The world’s data is expected to double every two years for the foreseeable future, thanks to increasing connectivity and progress in technology. This abundance of data combined with advances in computing power, software and algorithms have allowed us to do tremendous tasks such as push the boundaries of artificial intelligence that helps us speak with virtual assistants on our phones or get better product recommendations on websites.
However, as the digital world yields more and more data, questions surrounding its responsible and equitable use are also beginning to rise. Aside from issues of responsible use that deals with privacy and ethics, issues of equitable use are also becoming pertinent – especially on who gets to control and utilize the vast troves of data out there. With recent instances of mismanagement around personal data, the development of stricter regulations and oversight, and the pursuit of big data as a competitive advantage by large companies, data is increasingly being siloed as organizations focus more on building boundaries around their data assets. This lends credence to the claim that even though much of the world’s data was generated only recently, only a tiny fraction of it (some say just 1 percent) has ever been analyzed. To put it simply, the world is currently not geared towards collaborative value generation around big data.
A good indication on what the future holds for collaborative use around big data is in the European Union’s (EU) Communication on Building a European Data Economy. Here, the EU defines the ‘data economy’ as, “an ecosystem of different types of market players – such as manufacturers, researchers and infrastructure providers – collaborating to ensure that data is accessible and usable. This enables the market players to extract value from this data, by creating a variety of applications with a great potential to improve daily life (e.g. traffic management, optimization of harvests or remote health care).” Accordingly, along with research institutions and government agencies, the private sector is also developing data collaborative arrangements where organizations are enabling the responsible sharing of their data assets because they realize that these assets can generate further public value elsewhere.
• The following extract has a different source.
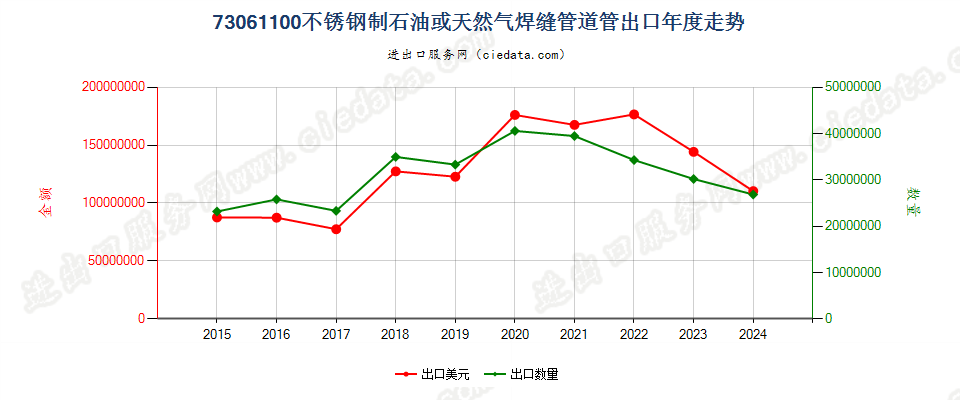 73061100不锈钢制石油或天然气焊缝管道管出口年度走势图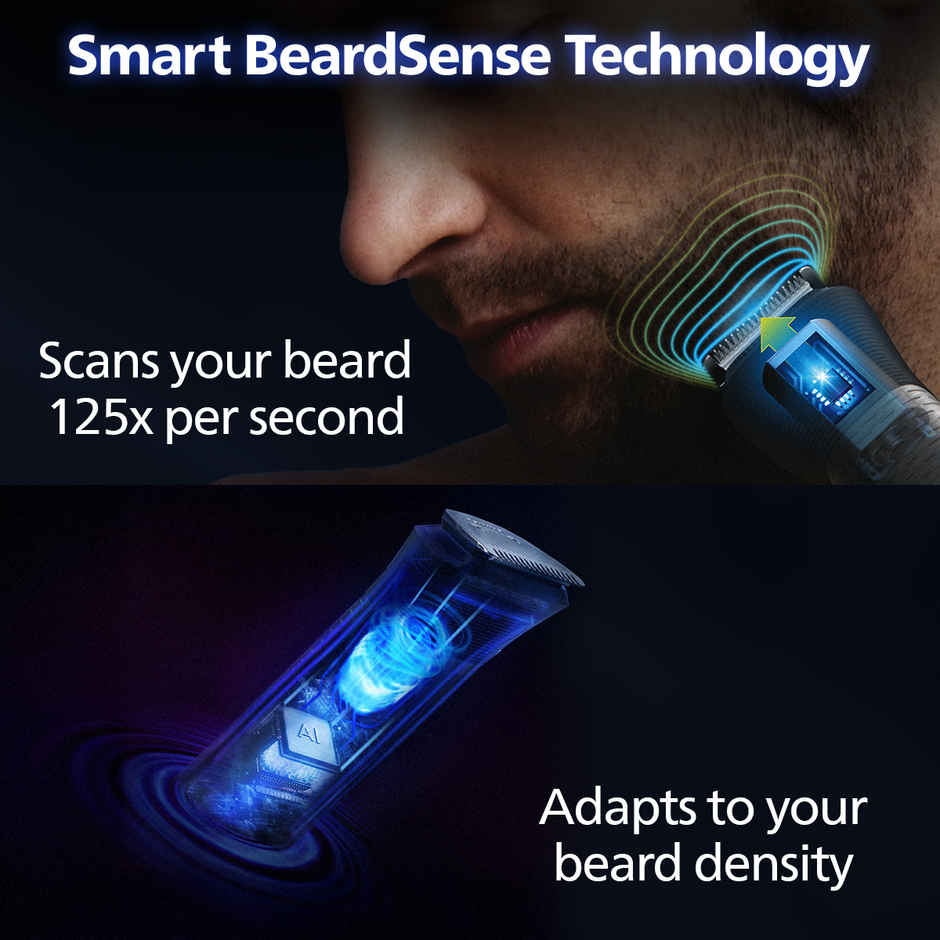 Philips India's No.1 Men's Trimmer | 13-in-1 | Face, Body & Private Parts | Beard Sense Tech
These are encouraging developments, because it is only when we open-up data and begin treating it as a public good that individuals and organizations can start innovating around it. As a result, it is reasonable for us to predict that the next leg of use-cases around big data will be realized through the collaborative use of data that is responsible and ethically sound. At the Digital Impact Alliance (DIAL) we believe that such collaborative and responsible use has the potential to unlock significant impact within the humanitarian and non-profit sectors too.
We are already seeing encouraging instances of collaborative value generation around big data in the non-profit sector. For example the GSMA, a trade body that represents the interests of mobile operators worldwide, recently demonstrated how mobile data can be used to mitigate the impact of natural disasters, infectious diseases and pollution. The extent to which these data can be responsibly accessed and utilized will determine the broader socio-economic outcomes in our digital future. Aside from mobile data, third party data such as geospatial data is being operationalized to accurately map the population in remote and rural areas that could aid the humanitarian sector. In the field of health research, we are seeing data commons that allow researchers to pool together data assets and collaboratively work toward a single shared goal. These data commons are set up to enable access to the data in a way that protects sensitive information – which is critical to managing concerns of privacy around health data.
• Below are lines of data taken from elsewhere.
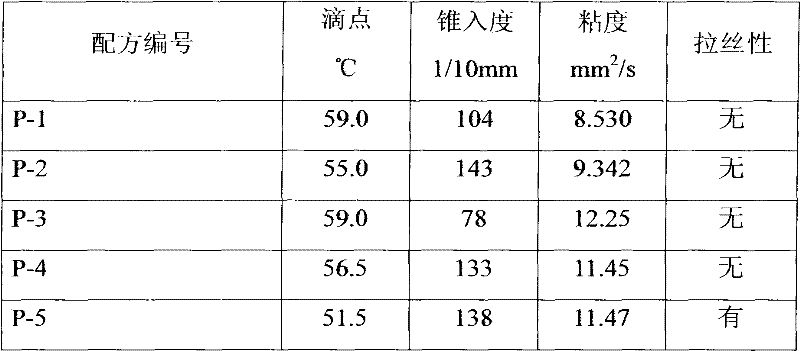 Production method of vaseline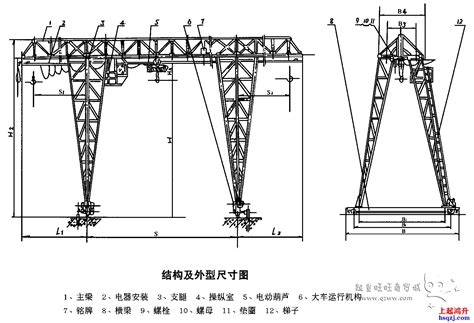 200t×97m双梁门式起重机吊装方案（双机抬吊）-工业建筑-筑龙建筑施工论坛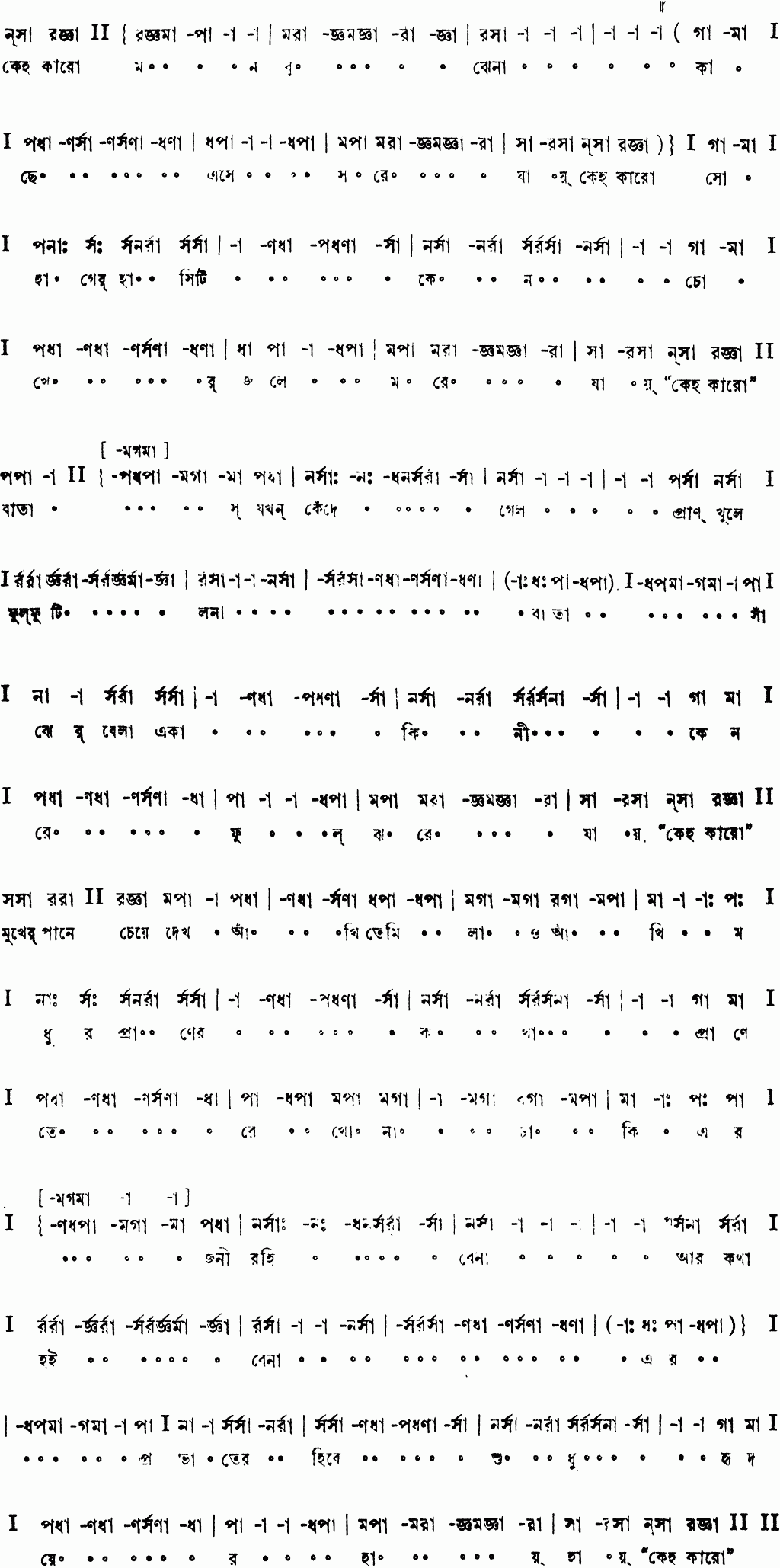 Notation keho karo mon bujhe na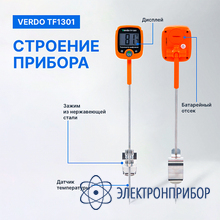 Термометр цифровой со стационарным зондом c фиксатором VERDO TF1301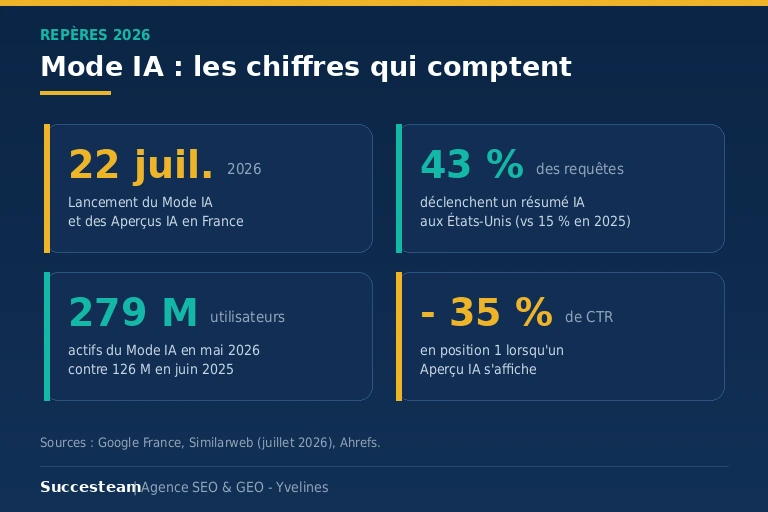Chiffres clés du Mode IA en 2026 : lancement France, part de requêtes avec résumé IA, utilisateurs actifs, impact sur le taux de clic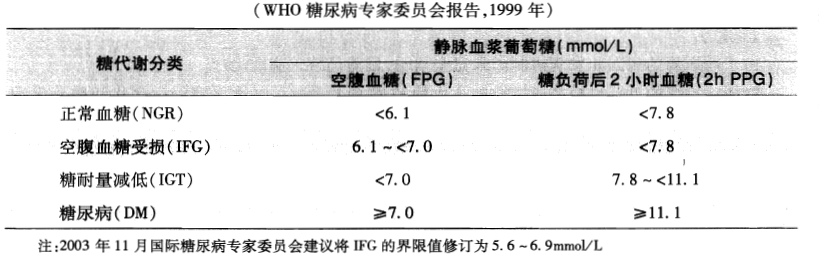 实三角线(正常人):空腹血浆胰岛素浓度为5-20mu/l,口服葡萄糖后30-60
Attempts are also being made at decentralized approaches of connecting global data marketplaces to incentivize the sharing of data for research, commerce and development purposes. To complement such opening up of data, encouraging instances of techniques such as federated learning are also being developed that could train machine learning algorithms without compromising privacy.
Here at DIAL, we have collaborated with mobile network operators and government agencies in Malawi to build a model to forecast migration patterns and optimize resource planning in order to maximize access to health facilities by the population. Additionally, our partners Flowminder and OPAL are building open source software that enable access to and analysis of anonymized mobile data at national scale. As regulation and norms around responsible use mature, we will continue to actively contribute to the discussion. We will also ensure that DIAL’s work is informed and continues to adapt to relevant data protection guidance and considerations as well as the Principles for Digital Development which DIAL stewards.
As the world moves towards more collaborative use of data, DIAL remains committed to having open conversations, participating in constructive feedback and sharing our learnings so we can collectively drive towards achieving the Sustainable Development Goals. We must continue to push the ecosystem past the current paradigm of ad-hoc partnerships and lack of transparency in the use of data; and seek ways to collaboratively unlock the true potential big data has to offer.
Hitoishi Chakma works as a Fellow for the Data for Development team at the Digital Impact Alliance.